[Stored data entries]
+++++

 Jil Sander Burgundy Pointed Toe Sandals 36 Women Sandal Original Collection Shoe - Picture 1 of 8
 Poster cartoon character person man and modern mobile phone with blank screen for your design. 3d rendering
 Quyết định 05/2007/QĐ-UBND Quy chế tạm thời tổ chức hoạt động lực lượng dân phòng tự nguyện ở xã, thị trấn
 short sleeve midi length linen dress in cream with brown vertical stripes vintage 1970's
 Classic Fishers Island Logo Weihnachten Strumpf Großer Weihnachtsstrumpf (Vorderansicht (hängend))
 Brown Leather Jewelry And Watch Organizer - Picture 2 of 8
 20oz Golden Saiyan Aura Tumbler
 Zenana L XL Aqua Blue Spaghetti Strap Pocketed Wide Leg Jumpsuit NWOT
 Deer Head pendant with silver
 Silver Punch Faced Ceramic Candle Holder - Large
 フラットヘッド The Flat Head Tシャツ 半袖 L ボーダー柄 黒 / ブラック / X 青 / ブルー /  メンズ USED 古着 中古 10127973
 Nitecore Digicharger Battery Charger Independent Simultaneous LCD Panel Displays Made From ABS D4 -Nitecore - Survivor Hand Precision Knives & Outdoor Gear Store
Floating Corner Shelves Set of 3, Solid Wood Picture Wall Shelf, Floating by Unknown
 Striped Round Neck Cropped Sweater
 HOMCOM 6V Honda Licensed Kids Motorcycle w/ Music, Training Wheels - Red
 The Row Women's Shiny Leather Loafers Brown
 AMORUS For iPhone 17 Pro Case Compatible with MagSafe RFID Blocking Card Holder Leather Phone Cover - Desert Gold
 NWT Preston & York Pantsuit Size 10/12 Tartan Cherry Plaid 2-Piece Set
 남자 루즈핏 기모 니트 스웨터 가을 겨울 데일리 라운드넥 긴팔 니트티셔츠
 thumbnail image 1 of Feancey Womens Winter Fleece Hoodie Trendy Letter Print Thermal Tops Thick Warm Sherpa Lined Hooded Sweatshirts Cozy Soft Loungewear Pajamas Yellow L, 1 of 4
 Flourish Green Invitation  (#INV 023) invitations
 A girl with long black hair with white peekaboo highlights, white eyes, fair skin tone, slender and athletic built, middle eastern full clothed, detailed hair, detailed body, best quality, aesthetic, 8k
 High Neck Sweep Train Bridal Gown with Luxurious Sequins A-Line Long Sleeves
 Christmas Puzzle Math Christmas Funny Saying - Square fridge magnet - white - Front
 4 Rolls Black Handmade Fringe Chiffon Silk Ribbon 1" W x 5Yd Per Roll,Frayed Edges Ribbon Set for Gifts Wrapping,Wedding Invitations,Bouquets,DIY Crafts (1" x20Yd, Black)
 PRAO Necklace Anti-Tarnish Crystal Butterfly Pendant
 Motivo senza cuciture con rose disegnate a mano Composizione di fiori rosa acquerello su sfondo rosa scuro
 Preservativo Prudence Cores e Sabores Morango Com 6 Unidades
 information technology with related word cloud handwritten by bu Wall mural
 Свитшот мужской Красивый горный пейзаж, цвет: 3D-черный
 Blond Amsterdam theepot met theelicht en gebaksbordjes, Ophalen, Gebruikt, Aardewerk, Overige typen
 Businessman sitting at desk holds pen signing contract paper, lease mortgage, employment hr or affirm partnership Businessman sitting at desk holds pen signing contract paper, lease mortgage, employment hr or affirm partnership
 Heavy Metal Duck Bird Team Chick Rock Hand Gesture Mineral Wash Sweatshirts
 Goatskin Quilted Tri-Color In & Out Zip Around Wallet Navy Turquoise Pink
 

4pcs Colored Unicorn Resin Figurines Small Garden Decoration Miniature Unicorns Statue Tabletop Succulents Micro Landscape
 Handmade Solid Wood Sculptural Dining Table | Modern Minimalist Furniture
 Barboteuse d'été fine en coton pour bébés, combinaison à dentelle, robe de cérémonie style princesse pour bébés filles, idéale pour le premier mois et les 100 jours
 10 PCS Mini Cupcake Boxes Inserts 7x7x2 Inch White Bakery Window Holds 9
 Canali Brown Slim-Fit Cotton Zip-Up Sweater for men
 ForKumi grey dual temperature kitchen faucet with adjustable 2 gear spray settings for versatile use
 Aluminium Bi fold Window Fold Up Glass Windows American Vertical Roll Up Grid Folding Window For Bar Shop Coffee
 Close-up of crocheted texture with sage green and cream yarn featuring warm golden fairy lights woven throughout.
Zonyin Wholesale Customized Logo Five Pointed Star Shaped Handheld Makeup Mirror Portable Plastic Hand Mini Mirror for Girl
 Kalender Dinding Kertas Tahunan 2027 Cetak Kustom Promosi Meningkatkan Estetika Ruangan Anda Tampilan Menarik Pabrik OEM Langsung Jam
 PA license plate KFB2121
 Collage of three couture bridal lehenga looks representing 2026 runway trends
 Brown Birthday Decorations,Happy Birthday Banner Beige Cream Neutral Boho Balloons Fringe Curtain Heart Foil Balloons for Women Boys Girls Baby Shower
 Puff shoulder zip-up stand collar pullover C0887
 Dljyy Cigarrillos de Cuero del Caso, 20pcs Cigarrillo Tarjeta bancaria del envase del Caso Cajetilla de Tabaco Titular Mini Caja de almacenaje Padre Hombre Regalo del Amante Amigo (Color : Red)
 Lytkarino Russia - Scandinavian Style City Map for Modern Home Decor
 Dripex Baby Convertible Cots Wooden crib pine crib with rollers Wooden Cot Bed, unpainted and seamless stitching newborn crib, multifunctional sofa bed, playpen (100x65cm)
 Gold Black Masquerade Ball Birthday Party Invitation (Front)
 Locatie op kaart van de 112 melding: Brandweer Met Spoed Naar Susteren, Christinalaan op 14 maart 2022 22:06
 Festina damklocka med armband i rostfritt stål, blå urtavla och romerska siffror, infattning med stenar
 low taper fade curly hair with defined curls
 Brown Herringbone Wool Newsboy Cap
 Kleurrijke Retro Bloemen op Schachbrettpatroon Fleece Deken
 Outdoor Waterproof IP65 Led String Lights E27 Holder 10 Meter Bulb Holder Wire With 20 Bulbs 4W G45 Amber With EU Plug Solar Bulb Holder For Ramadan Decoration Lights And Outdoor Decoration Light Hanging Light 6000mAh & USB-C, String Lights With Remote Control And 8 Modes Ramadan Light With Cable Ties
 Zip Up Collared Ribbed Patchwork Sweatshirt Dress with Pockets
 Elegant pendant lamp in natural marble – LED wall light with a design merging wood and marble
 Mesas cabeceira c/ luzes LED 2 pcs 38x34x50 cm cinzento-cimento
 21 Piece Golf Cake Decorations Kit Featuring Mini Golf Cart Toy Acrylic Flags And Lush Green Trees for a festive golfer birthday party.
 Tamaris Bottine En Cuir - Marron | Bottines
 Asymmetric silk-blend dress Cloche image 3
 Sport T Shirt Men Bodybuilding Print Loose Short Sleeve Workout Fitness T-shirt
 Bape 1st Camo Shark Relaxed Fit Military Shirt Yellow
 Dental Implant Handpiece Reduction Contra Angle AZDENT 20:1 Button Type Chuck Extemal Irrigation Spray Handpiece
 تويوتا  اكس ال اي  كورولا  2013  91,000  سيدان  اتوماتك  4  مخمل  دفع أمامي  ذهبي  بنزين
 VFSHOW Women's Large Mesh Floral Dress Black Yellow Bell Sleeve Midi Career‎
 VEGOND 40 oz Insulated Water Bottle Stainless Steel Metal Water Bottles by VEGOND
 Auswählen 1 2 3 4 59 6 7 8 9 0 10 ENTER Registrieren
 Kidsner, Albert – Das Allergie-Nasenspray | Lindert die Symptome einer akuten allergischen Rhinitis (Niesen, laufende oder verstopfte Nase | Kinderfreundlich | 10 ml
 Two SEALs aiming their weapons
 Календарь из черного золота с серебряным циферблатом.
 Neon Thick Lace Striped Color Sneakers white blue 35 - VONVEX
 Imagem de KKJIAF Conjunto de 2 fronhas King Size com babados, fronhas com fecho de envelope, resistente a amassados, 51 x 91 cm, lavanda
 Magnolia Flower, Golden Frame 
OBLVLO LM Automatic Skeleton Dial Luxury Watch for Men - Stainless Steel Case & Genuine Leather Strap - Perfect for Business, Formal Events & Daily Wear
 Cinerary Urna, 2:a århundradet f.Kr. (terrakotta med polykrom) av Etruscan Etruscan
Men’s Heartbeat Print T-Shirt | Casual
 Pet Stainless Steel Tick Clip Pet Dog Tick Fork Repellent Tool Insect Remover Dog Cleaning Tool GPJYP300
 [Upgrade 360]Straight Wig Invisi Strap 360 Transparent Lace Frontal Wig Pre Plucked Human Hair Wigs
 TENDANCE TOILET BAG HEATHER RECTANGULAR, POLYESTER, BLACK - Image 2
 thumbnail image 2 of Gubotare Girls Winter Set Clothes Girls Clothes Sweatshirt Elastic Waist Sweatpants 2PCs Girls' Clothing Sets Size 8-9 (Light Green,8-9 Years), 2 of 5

+++++

Filter the entries above and copy only the lines that hold "Baby".

### [RESULT OF THE EXERCISE]
 Brown Birthday Decorations,Happy Birthday Banner Beige Cream Neutral Boho Balloons Fringe Curtain Heart Foil Balloons for Women Boys Girls Baby Shower
 Dripex Baby Convertible Cots Wooden crib pine crib with rollers Wooden Cot Bed, unpainted and seamless stitching newborn crib, multifunctional sofa bed, playpen (100x65cm)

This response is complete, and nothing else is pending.